Castro schimpfte später auf seine einstigen Freunde
Kuba, eingezwängt zwischen sämtlichen Parteien des Kalten Krieges, beargwöhnt von den Konservativen aller Länder sowie, bei aller Sympathie, von China und der UdSSR, suchte Schutz, und ging auf Angebote der Sowjetunion ein. In den Tropen änderte sich das politische Klima, Intellektuelle wurden auf Linie gebracht, „Lunes“ nicht mehr gedruckt. Als 1971 ein prominenter Autor verhaftet wurde, brachte Le Monde einen offenen Brief an Castro, signiert von Sartre, Beauvoir und anderen: Italo Calvino, Marguerite Duras, Hans Magnus Enzensberger, Carlos Fuentes, Juan Goytisolo, Alberto Moravia, Rossana Rossanda, Jorge Semprun und Mario Vargas Llosa. Als Freunde der Revolution und in deren Geist warnten sie vor Sektierertum und Repression, gerade jetzt, da in Bolivien, Chile und Peru die Chance bestünde, die „kriminelle Blockade durch den Imperialismus der USA“ zu überwinden.

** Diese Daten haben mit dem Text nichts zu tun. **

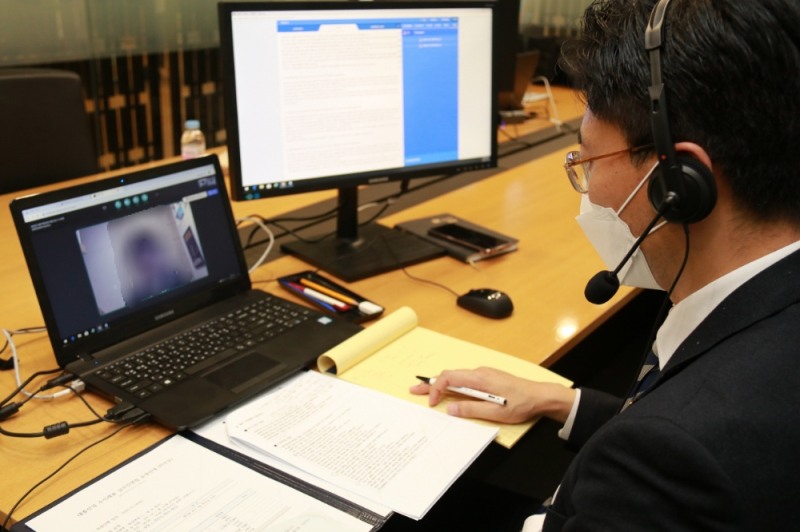 SBI저축은행이 2020년 대졸신입 수시채용에 비대면 화상면접 제도를 도입했다. 면접관이 화상으로 지원자와 비대면 면접을 진행하고 있다./사진=SBI저축은행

Castro schimpfte auf die „verabscheuungswürdigen Agenten des Kulturimperialismus“ und erklärte sie zu personae non gratae. Aus Flirt und Liebe war fast ein Scheidungsfall geworden.

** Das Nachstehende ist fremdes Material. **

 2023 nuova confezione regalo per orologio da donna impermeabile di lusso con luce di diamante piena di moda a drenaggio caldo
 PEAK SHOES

Aber nur fast. Der Mythos der kubanischen Blüte des Sozialismus war beharrlicher. Einer seiner Protagonisten war Wolf Biermann, der 1975, zwei Jahre vor seiner Ausweisung, in der DDR einen Song schrieb, den auch das halbe, junge Westdeutschland mitsang: „Uns bleibt, was gut war und klar war: / Dass man bei dir immer durchsah / und Liebe, Haß, doch nie Furcht sah / Comandante Ché Guevara“. Biermann skizziert die weltberühmte Ikone Ché in wenigen Worten: „Der rote Stern an der Jacke / im schwarzen Bart die Zigarre / Jesus Christus mit der Knarre / so führt dein Bild uns zur Attacke.“
Mit dem Zerfall des Ostblocks verlor Kuba seine sowjetischen Geldgeber und die Mehrzahl seiner letzten Freunde. Treu blieben Gabriel García Márquez, Gérard Depardieu, Sean Penn oder Ted Turner – CNN unterhält seit Jahrzehnten ein Fernsehstudio in Havanna. Mit einem letzten, melancholischen Hauch feierte 1999 Wim Wenders’ Film „Buena Vista Social Club“ Kubas soziale Musikalität. Das Portrait betagter, aber beschwingter Altmeister kubanischer Musik zündete ein Flämmchen des großen Einst an, auch in der nächsten Generation. Wer Kuba bereist, kann Spuren der „década prodigiosa“ noch finden, etwa da, wo Lässigkeit, Stolz und Humor sich zu einem Selbstbewusstsein kombinieren, das auch einen Armen jedes Trinkgeld ablehnen lässt, mit breitem Grinsen: „Ich bin Kubaner!“
Der neue Anti-Kubanismus, den Amerikas Republikaner und eine Schar neoliberaler Europäer jetzt nach Obamas Offerte entfalten werden, dürfte das Flämmchen noch mal größer werden lassen. Hassobjekt war das Modell Kuba bei Kritikern sozialer Utopien nämlich besonders aus einem Grund: Weil es tatsächlich, wenn auch nur kurz, nur eine Phase lang, attraktiv und lebendig funktioniert hat. Weil Kuba verführen konnte, wie kein Rumänien, Sowjetrussland oder Nordkorea. Tropensozialismus, das war nicht abschreckend, sondern ansteckend. Kann eine bessere, menschlichere, egalitärere Gesellschaft wirklich und wirksam existieren? Kuba war das Ja zur Frage. Irgendwie ging das dort, in der Anfangsphase mit Überschuss an Idealen und Mangel an Dogmatismus. Dieser Funke eines funktionierenden Sozialismus, auf einer kleinen, wie erfunden wirkenden Insel, der allein war die kubanische Gefahr.